• Records for this exercise:
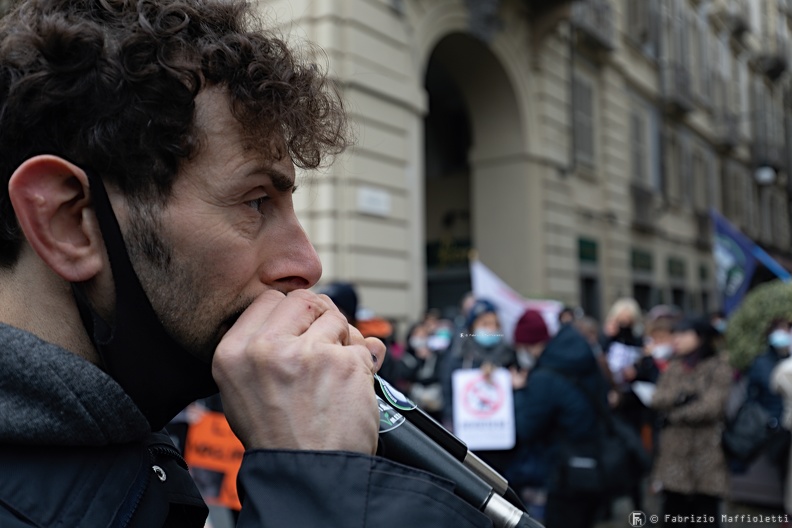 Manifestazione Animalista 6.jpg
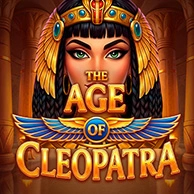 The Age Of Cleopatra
---
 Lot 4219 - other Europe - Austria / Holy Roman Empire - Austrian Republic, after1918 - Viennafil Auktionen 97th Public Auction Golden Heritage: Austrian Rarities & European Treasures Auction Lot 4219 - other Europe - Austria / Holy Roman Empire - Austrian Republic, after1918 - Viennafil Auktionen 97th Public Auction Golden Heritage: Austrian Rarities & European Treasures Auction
==
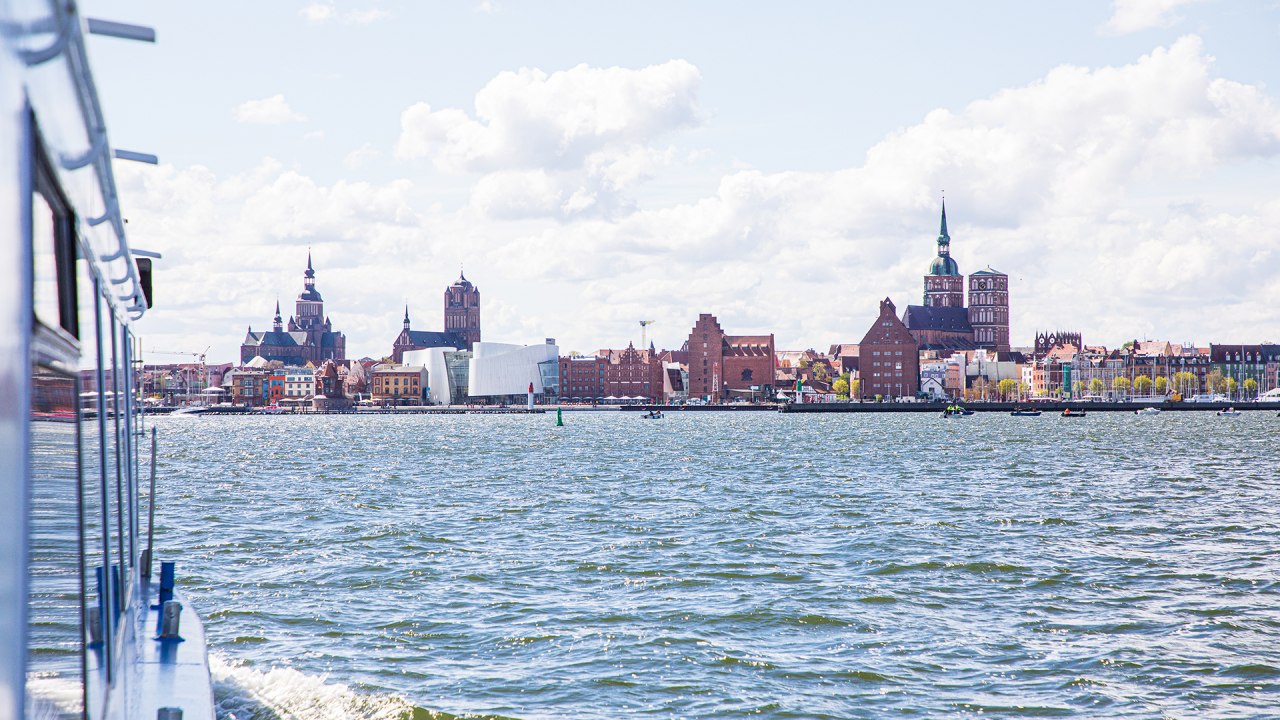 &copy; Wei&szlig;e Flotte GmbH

• What you are asked to do: Everything from the line with "Manifestazione Animalista 6.jpg" through the line with "The Age Of Cleopatra" in the material above should be transcribed exactly, except the pictures.

• Output for this task:
 Manifestazione Animalista 6.jpg
 The Age Of Cleopatra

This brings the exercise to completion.